Exercise details: All entries below are to be returned exactly, with pictures left out.

Material supplied:

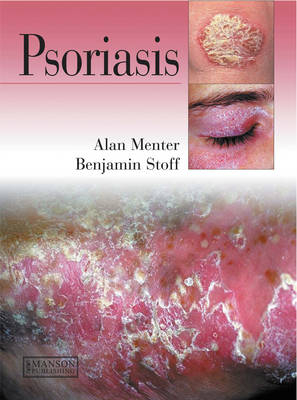 Psoriasis - Alan Menter, Benjamin Stoff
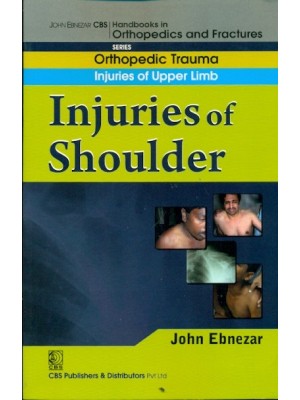 Injuries Of Shoulder (Handbook In Orthopedics And Fractures Series, Vol. 5 - Orthopedic Trauma Injuries Of Upper Limb)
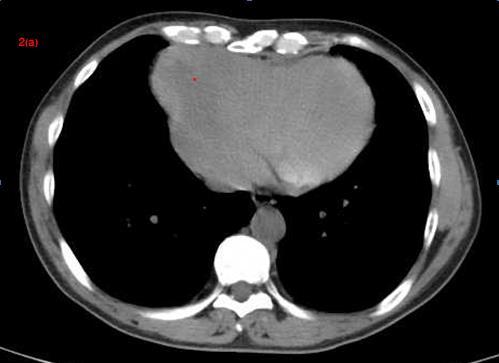Figure 2a-c: CT plain scan showed irregular mass on the right side of anterior mediastinum with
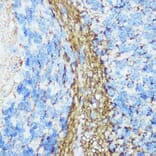 Immunohistochemistry - Anti-160 kD Neurofilament Medium Antibody (A88233) - Antibodies.com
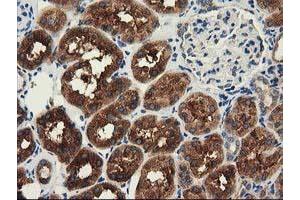 Immunohistochemistry (IHC) image for anti-Histone Deacetylase 6 (HDAC6) antibody (ABIN1498618)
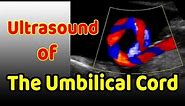 Ultrasound of the Umbilical Cord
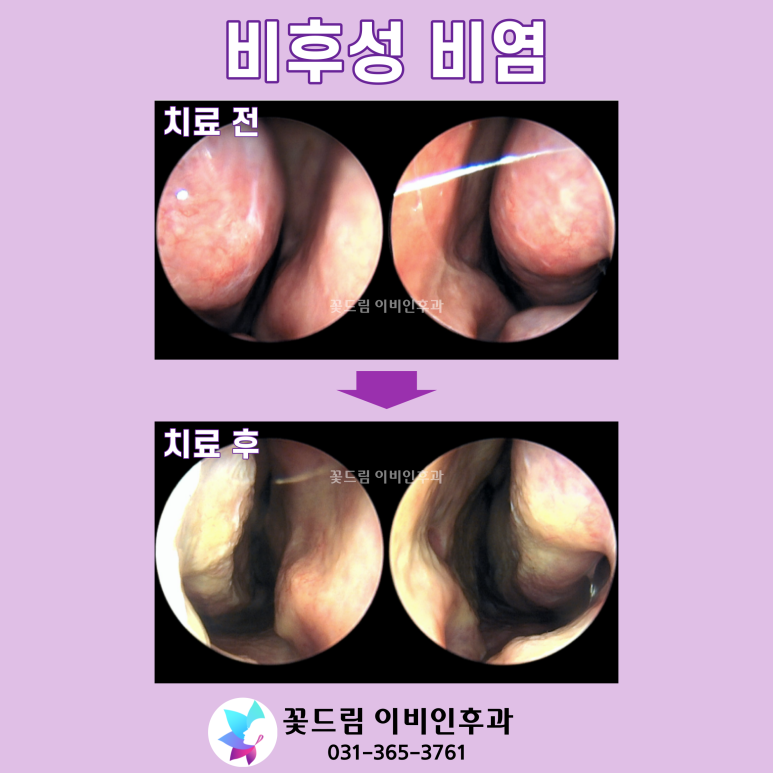 꽃드림이비인후과 이미지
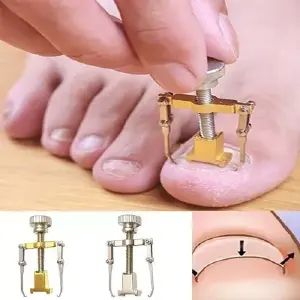 Uñas Encarnadas ?Corrector solución ⚡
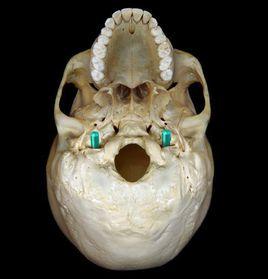 頸靜脈孔 頸靜脈孔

Task result:
 Psoriasis - Alan Menter, Benjamin Stoff
 Injuries Of Shoulder (Handbook In Orthopedics And Fractures Series, Vol. 5 - Orthopedic Trauma Injuries Of Upper Limb)
Figure 2a-c: CT plain scan showed irregular mass on the right side of anterior mediastinum with
 Immunohistochemistry - Anti-160 kD Neurofilament Medium Antibody (A88233) - Antibodies.com
 Immunohistochemistry (IHC) image for anti-Histone Deacetylase 6 (HDAC6) antibody (ABIN1498618)
 Ultrasound of the Umbilical Cord
 꽃드림이비인후과 이미지
 Uñas Encarnadas ?Corrector solución ⚡
 頸靜脈孔 頸靜脈孔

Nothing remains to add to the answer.